Senza minimamente discutere che Gary Burton sia una delle più grandi figure del Jazz, resta il fatto che i ‘burtoniani’ hanno qualche colpa, all’orecchio dello scrivente…
Primo: eliminando il motore e, di fatto, suonando un metallofono, hanno annullato l’invenzione del vibrafono che consiste proprio nelle alette che ruotano sotto le piastre.
Secondo:tutti vogliono suonare con i battenti che usa Gary Burton o simili.
A parte il fatto che quel battente l’ha voluto Terry Gibbs per la Deagan – il medium azzurro -, ciò significa l’eliminazione di una possibilità di differenziarsi.
Tutti i grandi vibrafonisti del passato hanno usato battenti diversi perché il timbro scelto era la loro firma, la loro personalità.
Una delle prerogative del jazz autentico.
Infine lo strumento: ovviamente deve essere un Musser, magari quello firmato da Burton…
Immagino che un ‘burtoniano’ non capisca perchè l’ultra ottantenne Teddy Charles si tenga stretto il suo Jenco, un vibrafono fuori produzione che ha nel suo timbro il bebop di Charlie Mingus e dei suoi contemporanei.
Insomma, i ‘burtoniani’ non si rendono conto che sono spinti ad assomigliarsi fra di loro.
E ciò è la negazione del jazz.
Detto questo, va detto che Ed Saindon non è il tipico ‘burtoniano’ perché, ad esempio, cambia la presa dei battenti anche nella stessa esecuzione, slittando dalla presa alla Burton alla Stevens. Ancora, Saindon fa una imitazione dei pianisti degli anni trenta e quaranta che è irresistibile.
Però Saindon va preso come prototipo dei ‘burtoniani’ per la sua storia.
Si iscrisse alla Berklee come batterista e restò fulminato nel vedere suonare Burton.

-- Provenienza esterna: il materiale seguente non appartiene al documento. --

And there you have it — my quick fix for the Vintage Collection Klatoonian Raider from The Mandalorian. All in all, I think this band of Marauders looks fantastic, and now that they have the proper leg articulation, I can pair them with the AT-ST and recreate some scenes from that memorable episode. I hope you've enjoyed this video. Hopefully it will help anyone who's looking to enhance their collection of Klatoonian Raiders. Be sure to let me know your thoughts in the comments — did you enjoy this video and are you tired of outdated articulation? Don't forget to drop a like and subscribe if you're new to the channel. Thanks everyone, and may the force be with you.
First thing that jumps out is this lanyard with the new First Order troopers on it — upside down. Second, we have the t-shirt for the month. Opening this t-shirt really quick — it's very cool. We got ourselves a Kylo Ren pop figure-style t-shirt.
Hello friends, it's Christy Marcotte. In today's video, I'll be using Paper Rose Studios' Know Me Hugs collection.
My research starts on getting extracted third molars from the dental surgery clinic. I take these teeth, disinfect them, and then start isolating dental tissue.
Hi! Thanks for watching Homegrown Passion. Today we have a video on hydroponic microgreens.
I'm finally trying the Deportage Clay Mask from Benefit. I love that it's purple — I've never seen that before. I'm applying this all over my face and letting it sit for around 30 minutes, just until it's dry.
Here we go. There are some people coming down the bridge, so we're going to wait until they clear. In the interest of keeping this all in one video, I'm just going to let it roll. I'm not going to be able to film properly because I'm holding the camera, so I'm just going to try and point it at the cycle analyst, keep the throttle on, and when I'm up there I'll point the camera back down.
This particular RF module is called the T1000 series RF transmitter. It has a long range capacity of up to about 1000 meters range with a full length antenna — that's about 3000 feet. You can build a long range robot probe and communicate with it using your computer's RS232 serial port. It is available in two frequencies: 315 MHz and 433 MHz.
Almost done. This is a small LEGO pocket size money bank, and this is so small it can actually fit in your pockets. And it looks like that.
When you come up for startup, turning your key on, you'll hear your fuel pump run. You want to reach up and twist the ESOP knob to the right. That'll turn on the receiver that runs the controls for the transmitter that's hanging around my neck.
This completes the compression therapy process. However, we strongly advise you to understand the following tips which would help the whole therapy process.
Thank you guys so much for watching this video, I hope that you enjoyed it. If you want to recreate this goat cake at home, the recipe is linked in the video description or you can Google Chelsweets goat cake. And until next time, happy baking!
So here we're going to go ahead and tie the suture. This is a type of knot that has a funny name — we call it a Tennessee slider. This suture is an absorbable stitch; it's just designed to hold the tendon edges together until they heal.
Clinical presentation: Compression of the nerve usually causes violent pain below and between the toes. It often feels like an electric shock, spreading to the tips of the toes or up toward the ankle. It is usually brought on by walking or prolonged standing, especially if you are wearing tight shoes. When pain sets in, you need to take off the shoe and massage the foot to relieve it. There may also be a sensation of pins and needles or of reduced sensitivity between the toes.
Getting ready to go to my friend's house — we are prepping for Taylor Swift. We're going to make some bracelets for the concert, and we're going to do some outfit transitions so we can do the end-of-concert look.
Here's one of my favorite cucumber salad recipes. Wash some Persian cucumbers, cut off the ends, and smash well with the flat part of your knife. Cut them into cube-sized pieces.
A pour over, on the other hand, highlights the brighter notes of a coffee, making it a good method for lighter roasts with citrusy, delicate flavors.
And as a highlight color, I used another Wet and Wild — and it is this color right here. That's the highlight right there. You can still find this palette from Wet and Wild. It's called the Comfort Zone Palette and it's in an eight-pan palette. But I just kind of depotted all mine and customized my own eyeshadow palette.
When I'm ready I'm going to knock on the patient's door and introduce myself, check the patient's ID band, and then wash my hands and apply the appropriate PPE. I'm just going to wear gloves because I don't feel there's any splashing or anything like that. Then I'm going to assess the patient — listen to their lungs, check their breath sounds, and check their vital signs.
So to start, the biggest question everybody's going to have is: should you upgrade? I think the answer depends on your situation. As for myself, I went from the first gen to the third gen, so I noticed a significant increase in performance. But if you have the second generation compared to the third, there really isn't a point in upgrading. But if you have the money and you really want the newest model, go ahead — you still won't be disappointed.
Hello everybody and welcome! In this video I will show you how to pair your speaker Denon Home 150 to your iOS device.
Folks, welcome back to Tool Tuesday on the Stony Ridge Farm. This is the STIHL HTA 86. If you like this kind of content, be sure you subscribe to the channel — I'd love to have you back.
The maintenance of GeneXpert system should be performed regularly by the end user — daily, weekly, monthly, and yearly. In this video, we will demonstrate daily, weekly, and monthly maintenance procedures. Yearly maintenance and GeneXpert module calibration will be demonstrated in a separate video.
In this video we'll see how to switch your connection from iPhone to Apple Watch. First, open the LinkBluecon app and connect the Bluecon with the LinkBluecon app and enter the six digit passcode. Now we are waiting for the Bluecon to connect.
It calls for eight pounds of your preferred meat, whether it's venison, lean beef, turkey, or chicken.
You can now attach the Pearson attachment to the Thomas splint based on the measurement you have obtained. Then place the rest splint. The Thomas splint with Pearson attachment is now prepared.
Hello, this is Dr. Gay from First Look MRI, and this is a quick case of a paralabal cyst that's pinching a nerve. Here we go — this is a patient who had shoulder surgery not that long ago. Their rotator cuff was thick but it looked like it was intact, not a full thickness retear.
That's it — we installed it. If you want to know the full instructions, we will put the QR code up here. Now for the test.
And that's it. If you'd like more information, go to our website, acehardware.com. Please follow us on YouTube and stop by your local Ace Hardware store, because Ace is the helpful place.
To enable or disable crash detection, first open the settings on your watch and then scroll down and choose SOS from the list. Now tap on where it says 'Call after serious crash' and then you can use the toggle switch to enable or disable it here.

Dopo solo quattro anni fu assunto come insegnante nella stessa scuola per insegnare la tecnica del maestro.
Saindon è un eccellente musicista e vibrafonista, ma difficilmente diventerà un ‘eroe cantato’.
Questa divertente espressione sembra volere dire che dietro a qualche fortunato musicista jazz, ci sia un Omero pronto a cantarne le gesta.
Credo non sia vero nemmeno per i grandissimi.
‘Burtoniani’ convinti sono i giapponesi, ma hanno una grossa attenuante: Burton visse due anni in Giappone, assunto proprio per diffondere la sua tecnica che, derivando da quella della marimba, trovava in quella nazione terreno fertile.